#### ABOUT THIS TASK
Could you copy exactly the lines below, beginning at the line with "During the last" and stopping after the line with "Eventually, researchers hope", with no pictures?

*** DATA RECORDS ***

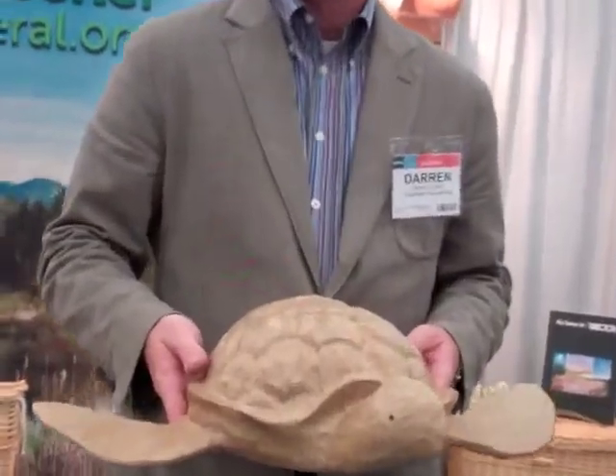My name is Darren Crouch with Passages International, and we're the leading supplier of green and biodegradable funeral products. I have a biodegradable turtle that is used for sea burial, water burial, of cremated remains.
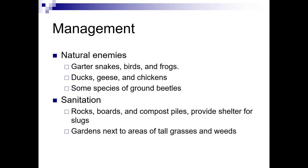Sanitation is really important because if you've got a habitat for them — rocks, boards, and compost piles — these are shelters for slugs. Areas next to gardens where they can hang out include tall grasses and weeds. It's important to keep these areas clear if you're trying to prevent having slugs or snails in your garden.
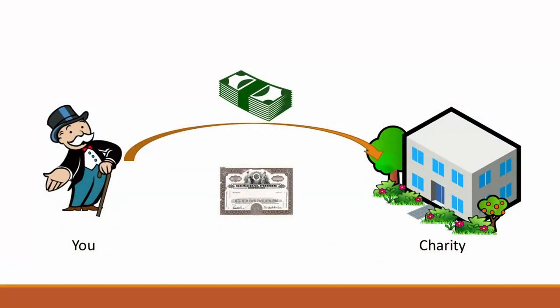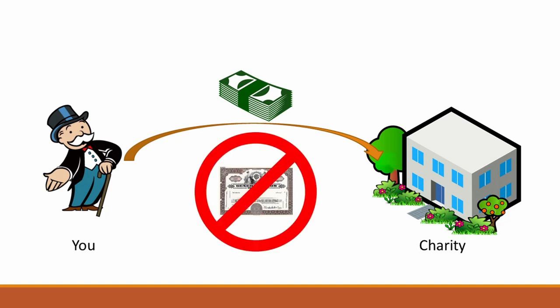During the last video, we talked about how you could charitably gift an appreciated security, such as a stock, a mutual fund, or an ETF. However, a problem could arise if the charitable institution — whether it's a university, a food bank, church, synagogue, or mosque — doesn't have a brokerage account. They might have a bank account where they can receive cash, but they don't have a brokerage account that can receive stock. And that's a problem if you want to gift an appreciated stock so you don't have to pay capital gains on the growth.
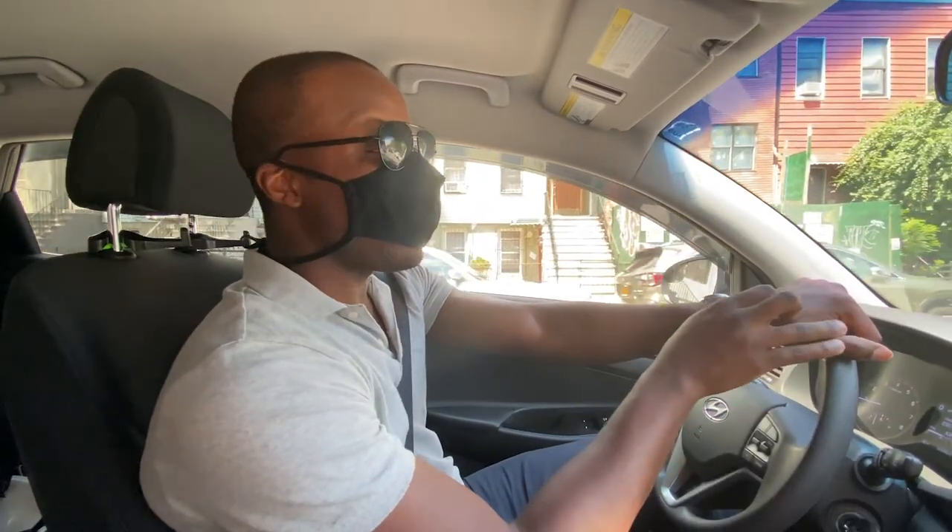We're driving over to our Dean Street renovation, but first I have to — it's hot — I have to get an ice cold coffee, a big cup of coffee, and then we'll check back in.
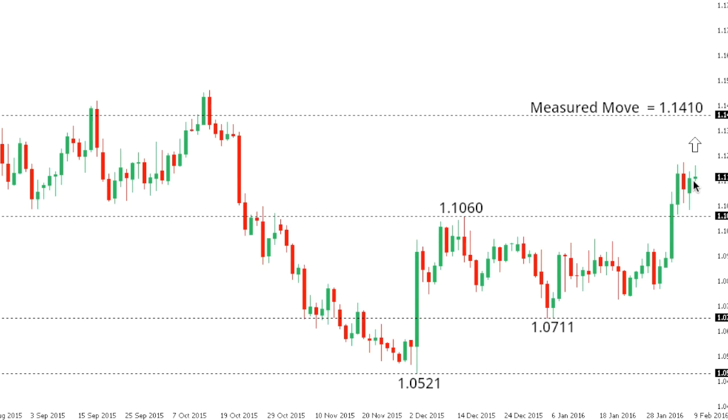Eurodollar. The euro remains very well supported on dips ahead of the previous resistance now turned support at 110.60, with the market potentially focused on fresh upside towards a measured move objective at 114.10. Taking that consolidation seen in the previous several days between 110.60 and 107.11 — that 350-point consolidation — after breaking to the upside above 110.60, it would project a 350-point move towards 114.10, which also coincides with some critical medium-term resistance.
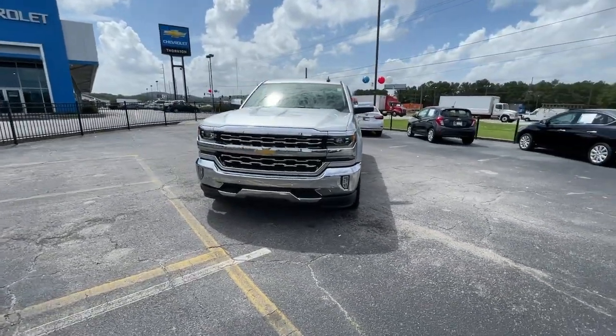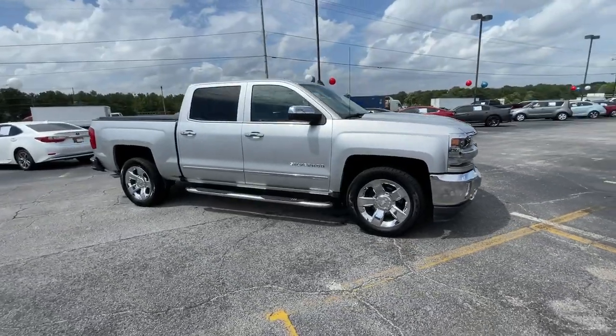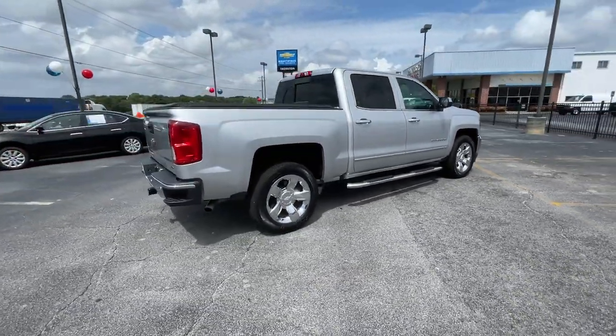Check out this 2018 Chevrolet Silverado 1500. With less than 60,000 miles on the odometer, this vehicle stands out from the rest.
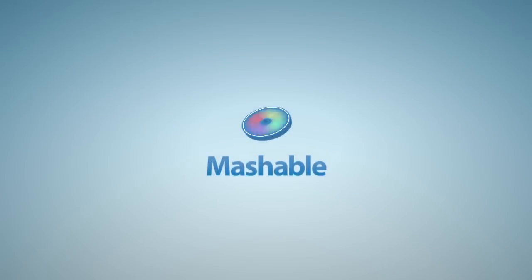Eventually, researchers hope to cut out the dead weight. They'll drop the bulk backpack and shrink the mapping device to the size of a miner's lamp. For Mashable, I'm Lauren Gorris.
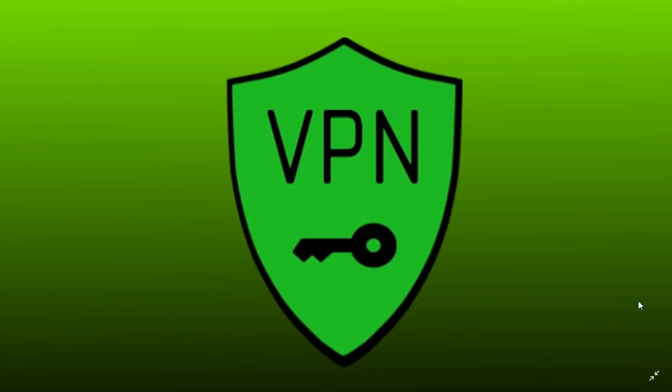If you connect to public Wi-Fi, a VPN is a great way to stay secure because you're encrypted all the way. That makes it pretty much impossible for anyone to actually view what you're doing.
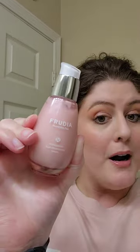We're in my bathroom to talk real quick about one of my new favorite skincare products, an anti-aging serum from Frudia. Frudia is a K-beauty brand that uses fruit extracts in their skincare line, and this is the Pomegranate Nutri-Moisturizing Serum.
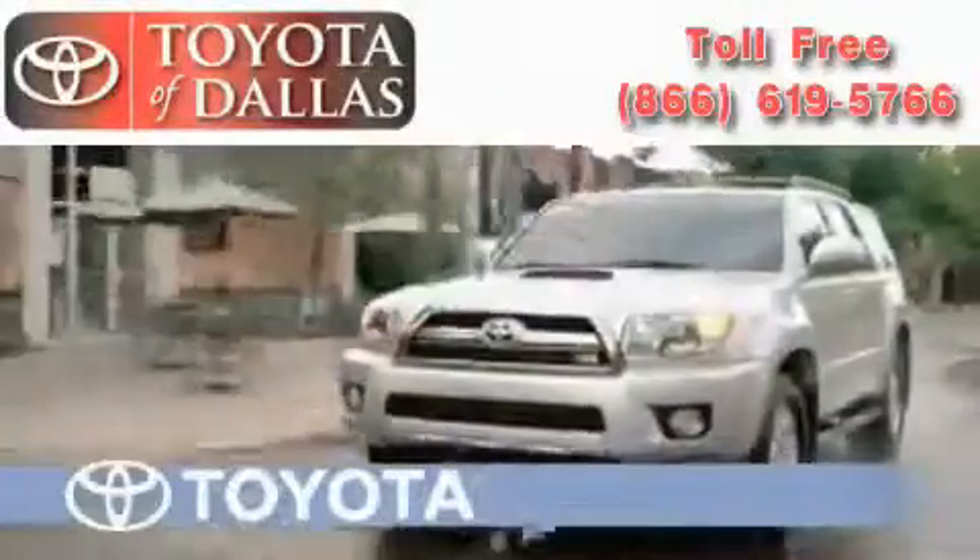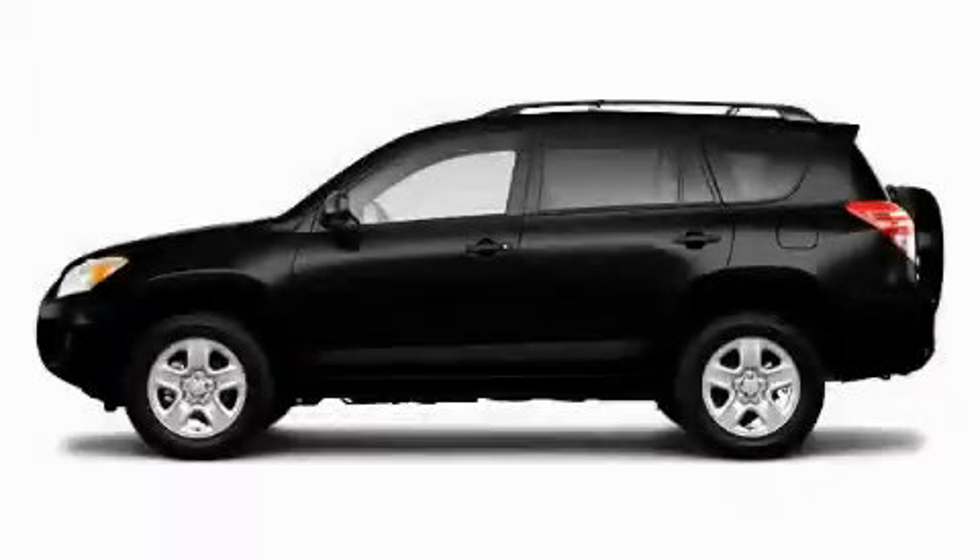Another fine vehicle offered by Toyota of Dallas. This is a brand new 2010 Toyota RAV4 — functional utility for a modern lifestyle.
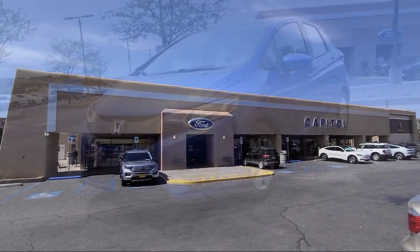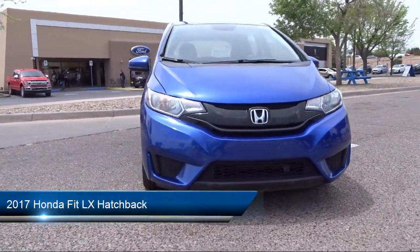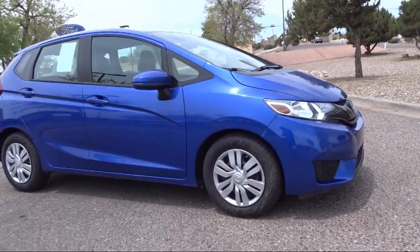Welcome to Capital Ford Lincoln, and here's a look at one of our great vehicles for sale. It comes equipped with rear view camera, keyless entry, rear spoiler, steering wheel controls, electronic stability control, and air conditioning.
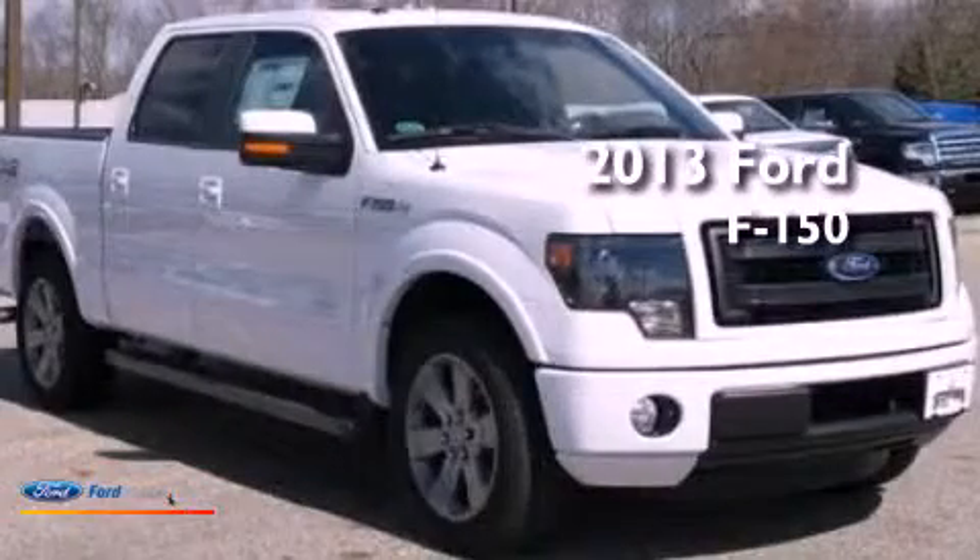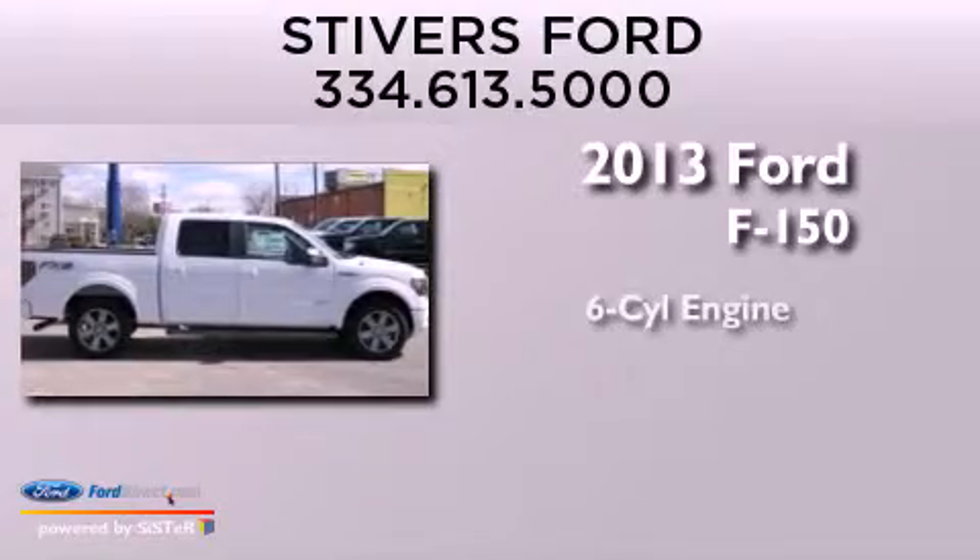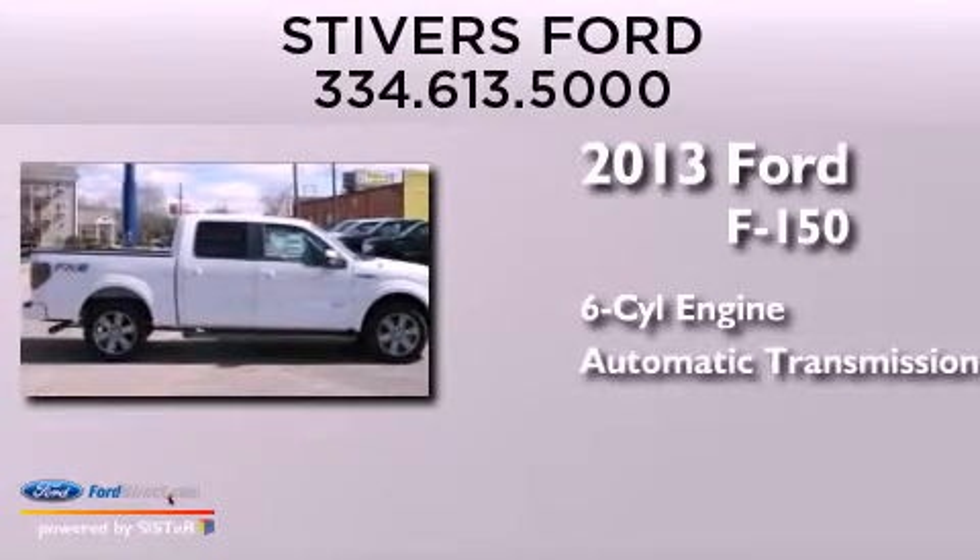This is a brand new 2013 Ford F-150. It has a six-cylinder engine and an automatic transmission.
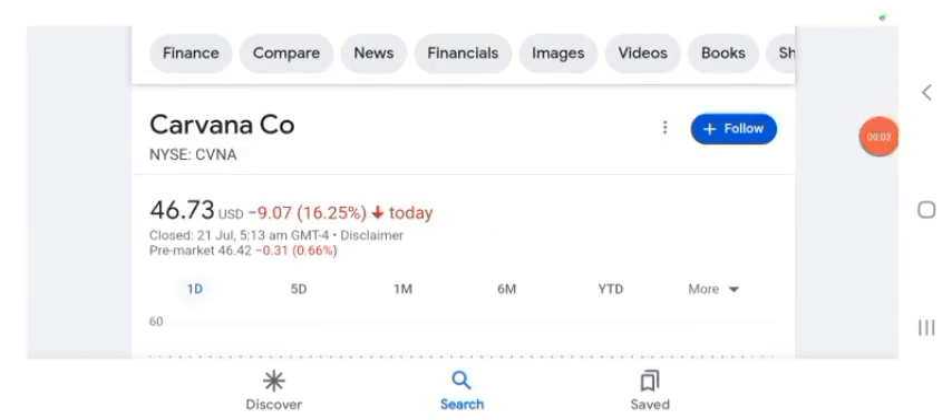Hello guys, welcome back to my YouTube channel. In this video we are going to talk about Carvana stock. I'm going to take a look at the fundamentals of this company and also take a look at the chart of the company, just to see how this company is doing so you know what's your risk of investing. Anyways guys, let's get to CVNA stock.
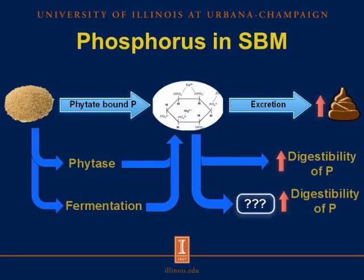However, we don't know exactly what happens when conventional soybean meal is fermented. Perhaps fermentation of conventional soybean meal may result in hydrolysis of phytate and release of phosphorus. Our hypothesis here is that fermentation can break these phytate bonds and therefore increase the digestibility of phosphorus.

*** End of DATA RECORDS ***

#### WRITTEN ANSWER
During the last video, we talked about how you could charitably gift an appreciated security, such as a stock, a mutual fund, or an ETF. However, a problem could arise if the charitable institution — whether it's a university, a food bank, church, synagogue, or mosque — doesn't have a brokerage account. They might have a bank account where they can receive cash, but they don't have a brokerage account that can receive stock. And that's a problem if you want to gift an appreciated stock so you don't have to pay capital gains on the growth.
We're driving over to our Dean Street renovation, but first I have to — it's hot — I have to get an ice cold coffee, a big cup of coffee, and then we'll check back in.
Eurodollar. The euro remains very well supported on dips ahead of the previous resistance now turned support at 110.60, with the market potentially focused on fresh upside towards a measured move objective at 114.10. Taking that consolidation seen in the previous several days between 110.60 and 107.11 — that 350-point consolidation — after breaking to the upside above 110.60, it would project a 350-point move towards 114.10, which also coincides with some critical medium-term resistance.
Check out this 2018 Chevrolet Silverado 1500. With less than 60,000 miles on the odometer, this vehicle stands out from the rest.
Eventually, researchers hope to cut out the dead weight. They'll drop the bulk backpack and shrink the mapping device to the size of a miner's lamp. For Mashable, I'm Lauren Gorris.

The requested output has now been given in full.